Cost-of-living comparisons of no-income-tax states generally use the most recently available U.S. Bureau of Economic Analysis (BEA) regional price parity (RPP) data.
Property tax rates are approximate effective rates based on assessed home values and can vary depending on local assessment practices.
Remember: In any state, your actual costs will depend on your income, housing choices, spending habits, tax deductions, credits, and exemptions, as well as local prices.
States with the highest income tax in 2026
The following states have some of the highest top income tax rates and generally rank above average in overall tax burden and state income tax rates.
*States are listed alphabetically, not by rank, within each group.
California
income tax rate: 13.3%
Sales tax: About 8.5%–10.5% combined
Property taxes: Approx. 0.7%–0.9%
Why it matters: Even for middle-income households, high housing costs and sales taxes raise the baseline cost of living in the Golden State.
Connecticut
Top income tax rate: 6.99%
Sales tax: 6.35%
Property taxes: About 1.7%–2.1%
Connecticut combines moderate-to-high income, sales, and property taxes across the board.
Why it matters: Overall tax burden in the Constitution State is driven by a combination of income, sales, and property taxes, none of which are the highest nationally, but are elevated relative to many other states.
New Jersey
Top income tax rate: 10.75%
Sales tax: 6.6%
Property taxes: Approx. 2.1%–2.3% (highest in the U.S.)
New Jersey’s tax profile is dominated by exceptionally high property taxes, which affect homeowners across all income levels.
Why it matters: For some Garden State households, property taxes can function almost like a second housing payment layered on top of a mortgage.
New York
Top income tax rate: 10.9%
Sales tax: Approx. 8%–9% combined
Property taxes: About 1.4%–1.8%
New York combines high income taxes with above-average sales taxes and some of the highest property taxes in the country, particularly outside New York City.

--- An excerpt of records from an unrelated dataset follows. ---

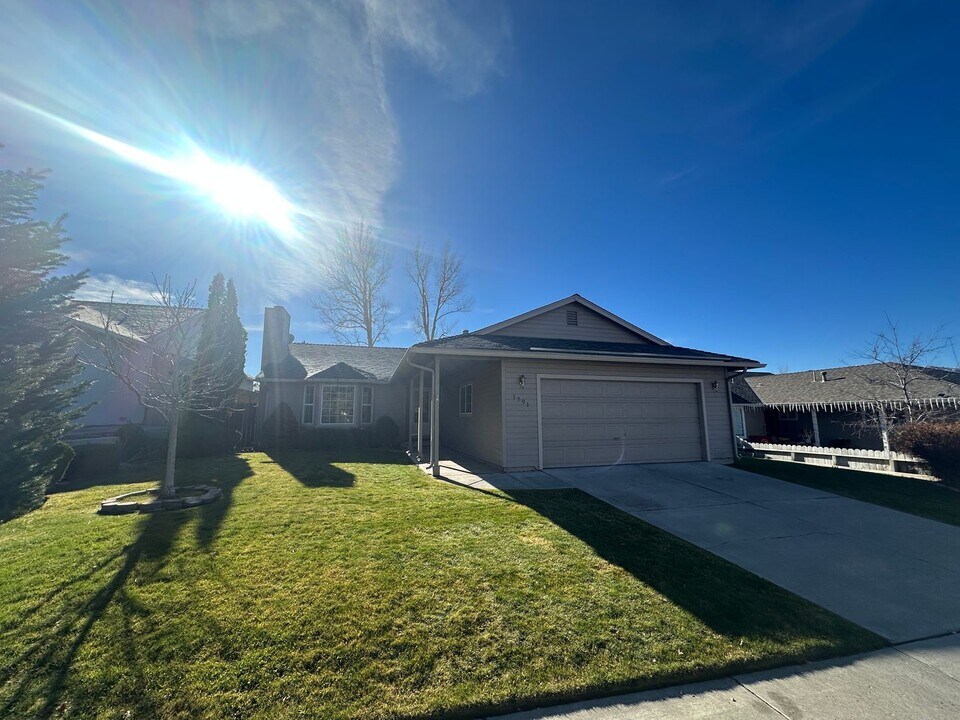 1791 Kingsley Ln in Carson City, NV - Building Photo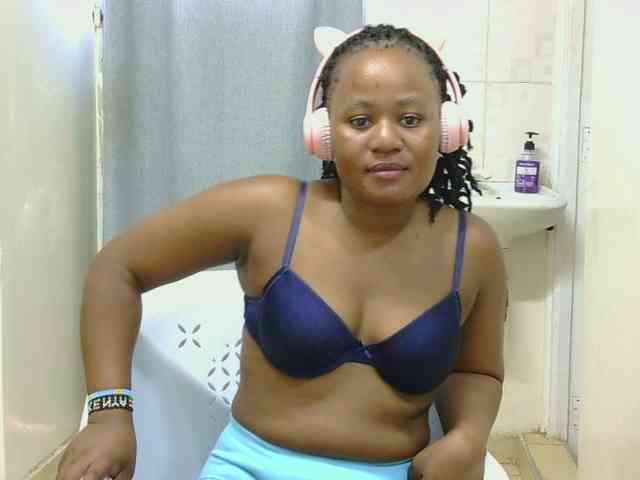 SweetLahika webcam
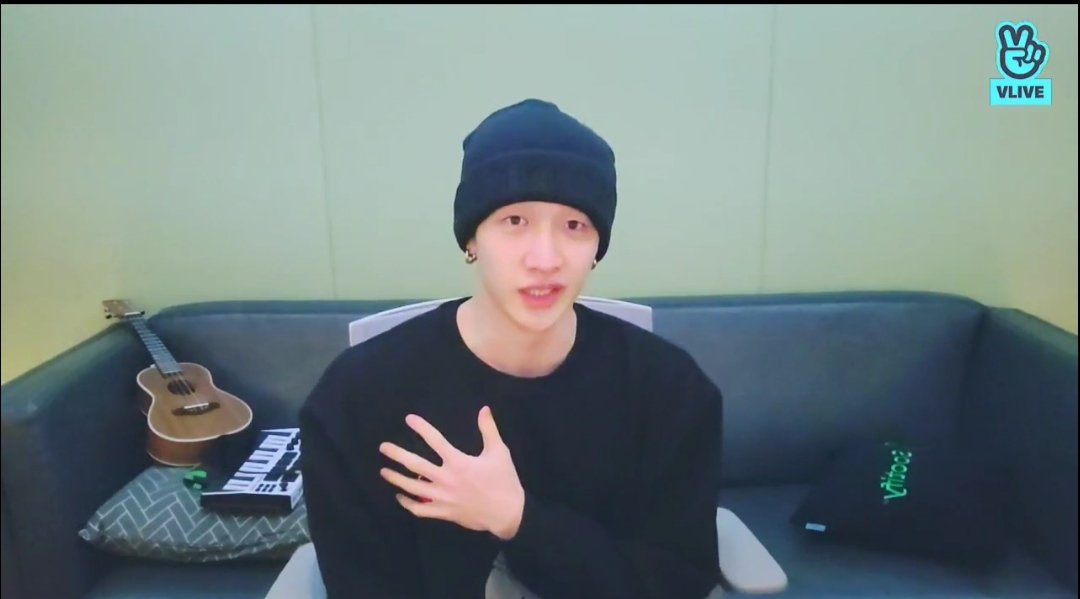 tokkipanny's tweet photo. @Stray_Kids 찬아 내마음이 가 아파 🤒💗 https://t.co/J4IPsSPDDE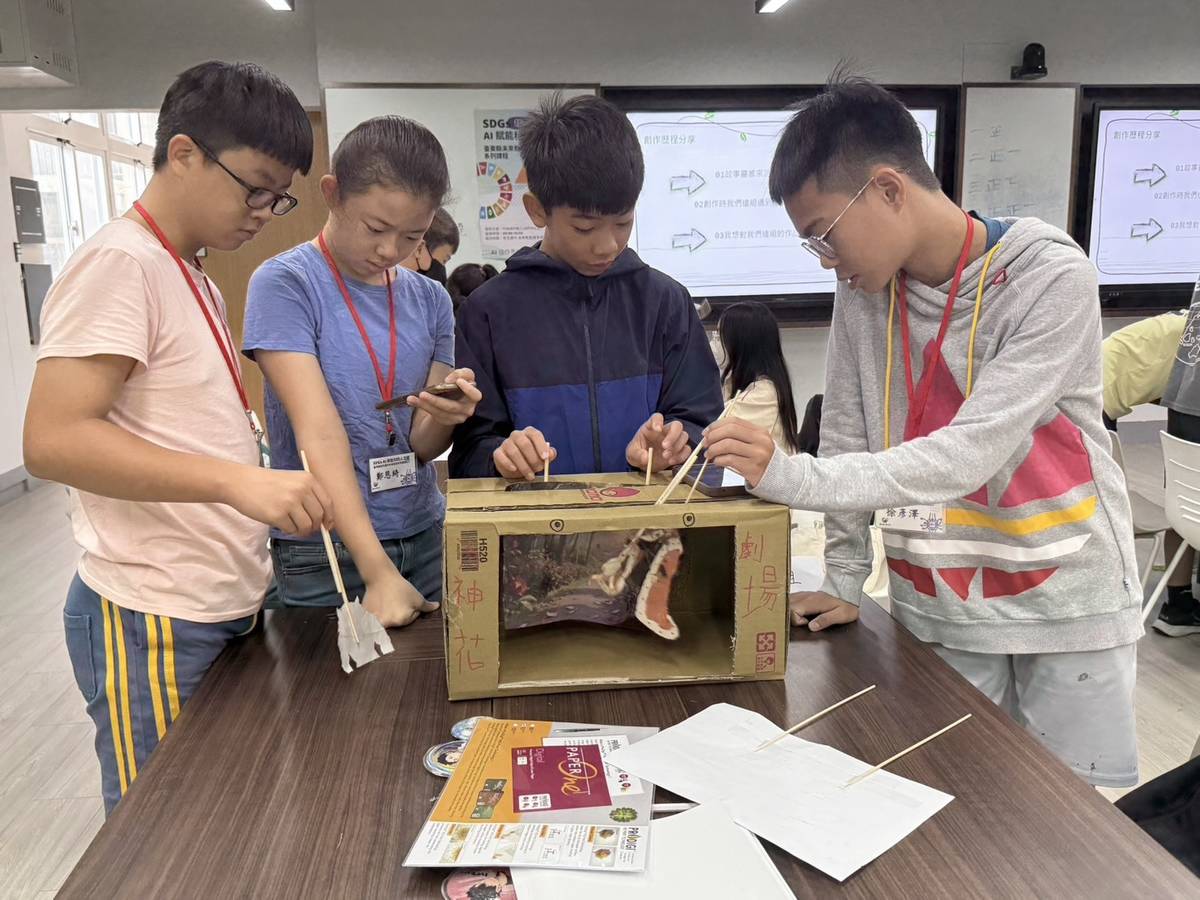 學生用AI打造故事箱劇場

Why it matters: Total tax burden can shift significantly depending on where you live within the Empire State, especially for homeowners.
Massachusetts
Income tax: 5% + 4% surtax over $1M
Sales tax: 6.25%
Property taxes: About 1.0%–1.3%
Massachusetts uses a flat income tax but applies an additional surtax on high earners.
Why it matters: A flat income tax structure can still produce a steep effective tax increase in the Old Bay State once income crosses key thresholds.
Do no-income-tax states really save you money?
(Image credit: Getty Images)
That’s because these states still rely on:
- Sales taxes (often 5%–10% combined)
- Property taxes (Approx. 0.3%–2.3% depending on the state)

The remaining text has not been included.